# Eheim Ecco pro 130 (2032)



## chrisfraser05 (22 Jun 2010)

Anyone got any experience with them?

My Fluval U2 stopped working last night! Its working again now but I have checked the impellor and it all seems fine?!?!

I was at my LFS and he's offered a great deal on the Eheim and external has a great appeal imo.

Anyone recommend or otherwise?


----------



## spider72 (22 Jun 2010)

I am using this filter from over one year and no problems at all here.
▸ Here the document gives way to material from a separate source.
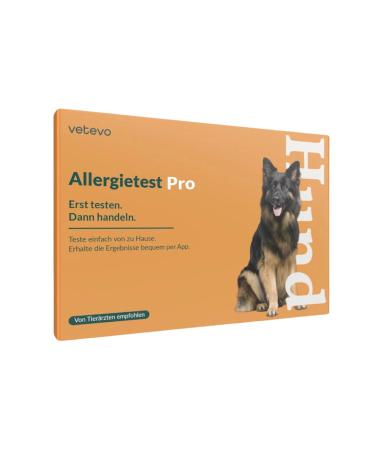 Vetevo allergy test per dog intolerance test dog 150+ intolerances saliva sample for itching & digestive problems test winner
It has good media (ehfisubstrat pro), valves on hoses for ease of disconecting and cleaning, and practical multifunctional handle.
From my experience with this model, I can recomend this filter.


----------



## NeilW (22 Jun 2010)

I'm using this too on my nano and its good, has some problems priming at times though from the handle from trapped air.  Other then that the build quality is really good and its silent unless I open my cabinet and then I can just about hear a humming.


----------



## chrisfraser05 (22 Jun 2010)

Cheers guys 

I picked it up late this afternoon!!! Can't wait to get it all setup.

The wife treated me to it as an early xmas pressie and picked out a few more plants that she wanted to see in my tank lol

Little does she know its all going in something like a Jewel Rio 300 by xmas


----------



## spider72 (22 Jun 2010)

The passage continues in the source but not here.